Dalam peristiwa tersebut, jenazah akhirnya diangkut menggunakan kendaraan pribadi oleh pihak keluarga. Diketahui lokasi kejadian tersebut berada di Puskesmas II Gerokgak, Desa Pejarakan, Kecamatan Gerokgak, Buleleng.
Tudingan dalam unggahan itu dibantah oleh Kepala Dinas Kesehatan Buleleng dr Sucipto. Ia menyebut pihaknya telah melakukan investigasi untuk mengetahui duduk perkara yang sebenarnya. Hasilnya, ditemukan adanya miskomunikasi terkait pemanfaatan mobil ambulans milik Puskesmas Gerokgak II.
Sucipto juga memaparkan duduk perkara masalah yang terjadi pada Sabtu (3/1) itu. “Awalnya ada pasien datang dengan kondisi tidak sadarkan diri. Setelah dilakukan penanganan sesuai SOP pasien dinyatakan meninggal oleh tim medis di Puskesmas,” jelasnya, Selasa (6/1).
Setelah pasien dinyatakan meninggal, keluarga menanyakan kemungkinan membawa jenazah p**ang menggunakan ambulans Puskesmas. Namun petugas menjelaskan bahwa sesuai SOP, ambulans tersebut tidak diperuntukkan untuk mengangkut jenazah.
“Pada saat itu tim jaga akan memfasilitasi ambulans jenazah dari Puskesmas Gerokgak I. Namun belum sempat menjelaskan detail, keluarga terlanjur histeris keluar dan mengamuk sampai sempat memukul mobil ambulans milik Puskesmas Gerokgak II dan ambulans TNI yang kebetulan berada di tempat itu,” imbuh dia.
Dalam situasi tersebut, pihak keluarga kemudian mengangkut jenazah menggunakan mobil pribadi. Saat itulah salah satu anggota keluarga merekam dan mengunggah konten yang kemudian viral di media sosial. “Inti persoalannya tidak diizinkannya mobil ambulans digunakan untuk mengangkut jenazah p**ang ke rumah duka,” ujarnya.
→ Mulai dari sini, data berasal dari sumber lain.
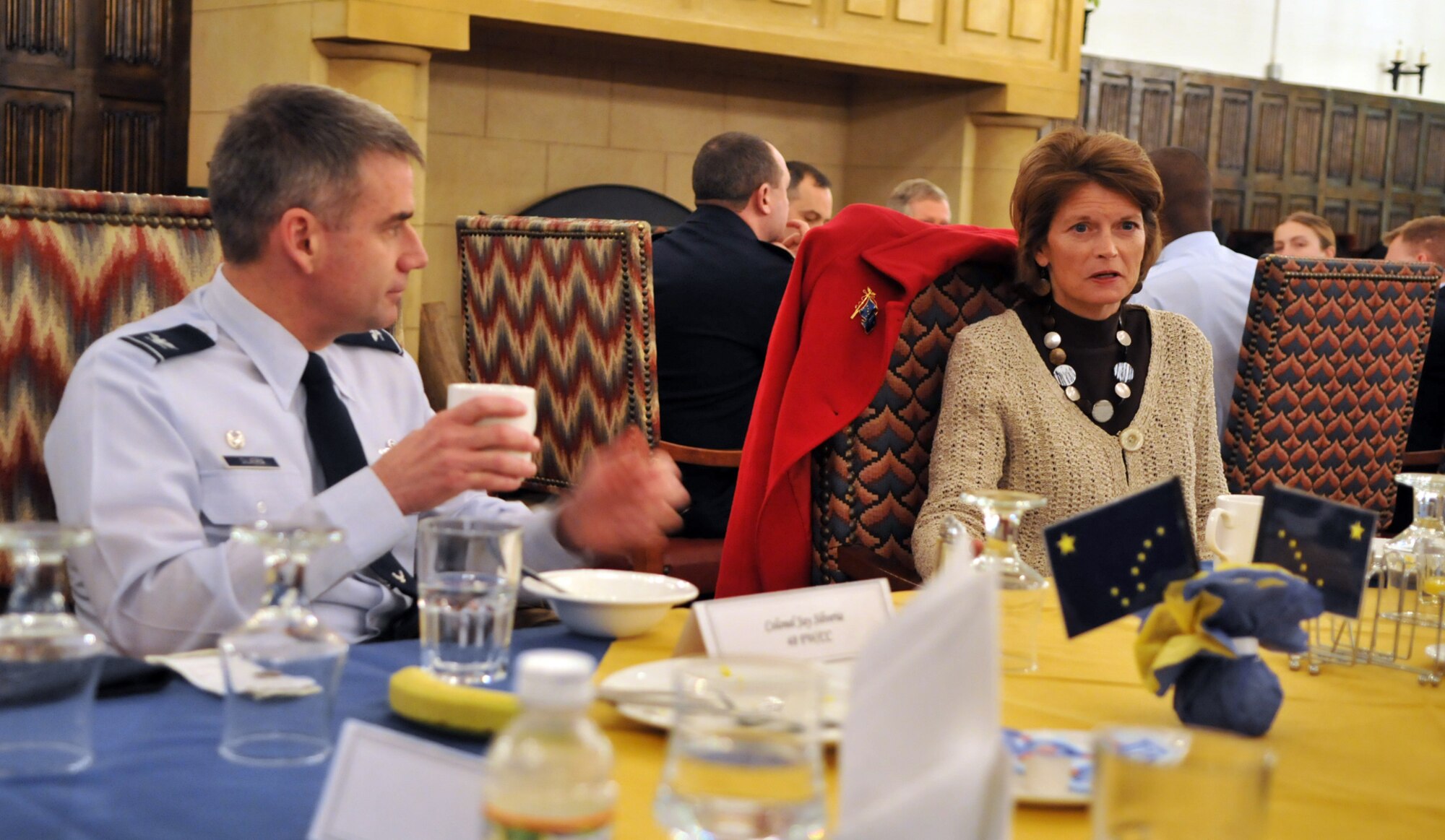 RAF MILDENHALL, England -- Col. Jay Silveria, 48th Fighter Wing commander, chats with Alaska Sen. Lisa Murkowski at a breakfast meeting here Jan. 11.  Mrs. Murkowski and four other senators sat down at the Gateway Dining Facility to talk to Airmen from their home states about issues affecting military members.  (U.S. Air Force photo by Staff Sgt. Austin M. May)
Menindaklanjuti kejadian itu, Sucipto bersama Camat Gerokgak I Gede Arya Rimbawa Giri, Kapolsek Gerokgak Kompol I Made Derawi, serta Perbekel Desa Pejarakan I Made Astawa menggelar rapat koordinasi. “Semua pihak berkomitmen menjaga keamanan pegawai kesehatan di Kecamatan Gerokgak serta akan memberikan edukasi kepada masyarakat terkait SOP pelayanan dan rujukan, dan juga pemanfaatan mobil ambulans,” tandasnya.